■ Problem description:
An exact reproduction of every record is required.

(Stored data entries)
*** Block opens ***
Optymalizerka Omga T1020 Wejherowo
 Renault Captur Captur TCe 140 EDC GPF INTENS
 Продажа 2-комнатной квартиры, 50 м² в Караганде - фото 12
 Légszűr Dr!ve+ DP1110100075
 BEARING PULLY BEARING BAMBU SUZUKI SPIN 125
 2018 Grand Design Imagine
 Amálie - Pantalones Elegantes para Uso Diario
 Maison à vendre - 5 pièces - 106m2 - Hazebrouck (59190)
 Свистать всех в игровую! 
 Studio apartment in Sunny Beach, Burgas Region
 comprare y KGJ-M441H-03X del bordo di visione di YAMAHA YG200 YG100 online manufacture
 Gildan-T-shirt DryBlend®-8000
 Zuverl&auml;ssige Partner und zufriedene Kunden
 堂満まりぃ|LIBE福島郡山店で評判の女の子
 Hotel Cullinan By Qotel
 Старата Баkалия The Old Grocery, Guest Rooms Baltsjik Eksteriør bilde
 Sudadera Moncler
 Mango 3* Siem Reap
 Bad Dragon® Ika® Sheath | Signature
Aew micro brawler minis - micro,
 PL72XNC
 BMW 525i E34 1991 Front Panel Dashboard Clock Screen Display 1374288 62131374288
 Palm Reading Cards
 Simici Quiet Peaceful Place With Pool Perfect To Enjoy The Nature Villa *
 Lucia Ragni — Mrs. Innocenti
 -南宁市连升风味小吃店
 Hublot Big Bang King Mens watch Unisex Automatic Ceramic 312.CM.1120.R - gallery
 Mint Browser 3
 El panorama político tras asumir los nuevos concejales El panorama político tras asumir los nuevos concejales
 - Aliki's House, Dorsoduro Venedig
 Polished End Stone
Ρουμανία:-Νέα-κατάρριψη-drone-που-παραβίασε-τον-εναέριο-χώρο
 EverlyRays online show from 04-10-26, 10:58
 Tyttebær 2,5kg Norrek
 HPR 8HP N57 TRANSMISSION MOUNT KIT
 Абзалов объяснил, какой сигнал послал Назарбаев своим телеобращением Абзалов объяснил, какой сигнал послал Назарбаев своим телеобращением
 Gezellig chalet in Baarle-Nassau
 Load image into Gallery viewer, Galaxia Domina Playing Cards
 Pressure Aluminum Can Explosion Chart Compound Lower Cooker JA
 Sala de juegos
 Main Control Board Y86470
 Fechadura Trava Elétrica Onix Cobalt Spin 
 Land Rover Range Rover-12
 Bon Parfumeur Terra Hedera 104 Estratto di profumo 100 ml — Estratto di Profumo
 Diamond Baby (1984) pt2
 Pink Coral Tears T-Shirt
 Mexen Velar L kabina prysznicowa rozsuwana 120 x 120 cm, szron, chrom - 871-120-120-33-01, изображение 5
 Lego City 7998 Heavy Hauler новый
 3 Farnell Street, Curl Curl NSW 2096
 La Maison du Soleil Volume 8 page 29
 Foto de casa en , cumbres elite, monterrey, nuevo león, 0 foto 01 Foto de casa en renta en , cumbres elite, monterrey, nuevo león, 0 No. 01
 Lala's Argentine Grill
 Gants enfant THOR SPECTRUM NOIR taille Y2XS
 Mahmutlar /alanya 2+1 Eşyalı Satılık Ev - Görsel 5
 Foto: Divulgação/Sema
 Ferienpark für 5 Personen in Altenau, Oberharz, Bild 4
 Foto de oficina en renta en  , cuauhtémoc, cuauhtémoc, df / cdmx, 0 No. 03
*** Block closes ***
■ Reply to the exercise:
Optymalizerka Omga T1020 Wejherowo
 Renault Captur Captur TCe 140 EDC GPF INTENS
 Продажа 2-комнатной квартиры, 50 м² в Караганде - фото 12
 Légszűr Dr!ve+ DP1110100075
 BEARING PULLY BEARING BAMBU SUZUKI SPIN 125
 2018 Grand Design Imagine
 Amálie - Pantalones Elegantes para Uso Diario
 Maison à vendre - 5 pièces - 106m2 - Hazebrouck (59190)
 Свистать всех в игровую! 
 Studio apartment in Sunny Beach, Burgas Region
 comprare y KGJ-M441H-03X del bordo di visione di YAMAHA YG200 YG100 online manufacture
 Gildan-T-shirt DryBlend®-8000
 Zuverl&auml;ssige Partner und zufriedene Kunden
 堂満まりぃ|LIBE福島郡山店で評判の女の子
 Hotel Cullinan By Qotel
 Старата Баkалия The Old Grocery, Guest Rooms Baltsjik Eksteriør bilde
 Sudadera Moncler
 Mango 3* Siem Reap
 Bad Dragon® Ika® Sheath | Signature
Aew micro brawler minis - micro,
 PL72XNC
 BMW 525i E34 1991 Front Panel Dashboard Clock Screen Display 1374288 62131374288
 Palm Reading Cards
 Simici Quiet Peaceful Place With Pool Perfect To Enjoy The Nature Villa *
 Lucia Ragni — Mrs. Innocenti
 -南宁市连升风味小吃店
 Hublot Big Bang King Mens watch Unisex Automatic Ceramic 312.CM.1120.R - gallery
 Mint Browser 3
 El panorama político tras asumir los nuevos concejales El panorama político tras asumir los nuevos concejales
 - Aliki's House, Dorsoduro Venedig
 Polished End Stone
Ρουμανία:-Νέα-κατάρριψη-drone-που-παραβίασε-τον-εναέριο-χώρο
 EverlyRays online show from 04-10-26, 10:58
 Tyttebær 2,5kg Norrek
 HPR 8HP N57 TRANSMISSION MOUNT KIT
 Абзалов объяснил, какой сигнал послал Назарбаев своим телеобращением Абзалов объяснил, какой сигнал послал Назарбаев своим телеобращением
 Gezellig chalet in Baarle-Nassau
 Load image into Gallery viewer, Galaxia Domina Playing Cards
 Pressure Aluminum Can Explosion Chart Compound Lower Cooker JA
 Sala de juegos
 Main Control Board Y86470
 Fechadura Trava Elétrica Onix Cobalt Spin 
 Land Rover Range Rover-12
 Bon Parfumeur Terra Hedera 104 Estratto di profumo 100 ml — Estratto di Profumo
 Diamond Baby (1984) pt2
 Pink Coral Tears T-Shirt
 Mexen Velar L kabina prysznicowa rozsuwana 120 x 120 cm, szron, chrom - 871-120-120-33-01, изображение 5
 Lego City 7998 Heavy Hauler новый
 3 Farnell Street, Curl Curl NSW 2096
 La Maison du Soleil Volume 8 page 29
 Foto de casa en , cumbres elite, monterrey, nuevo león, 0 foto 01 Foto de casa en renta en , cumbres elite, monterrey, nuevo león, 0 No. 01
 Lala's Argentine Grill
 Gants enfant THOR SPECTRUM NOIR taille Y2XS
 Mahmutlar /alanya 2+1 Eşyalı Satılık Ev - Görsel 5
 Foto: Divulgação/Sema
 Ferienpark für 5 Personen in Altenau, Oberharz, Bild 4
 Foto de oficina en renta en  , cuauhtémoc, cuauhtémoc, df / cdmx, 0 No. 03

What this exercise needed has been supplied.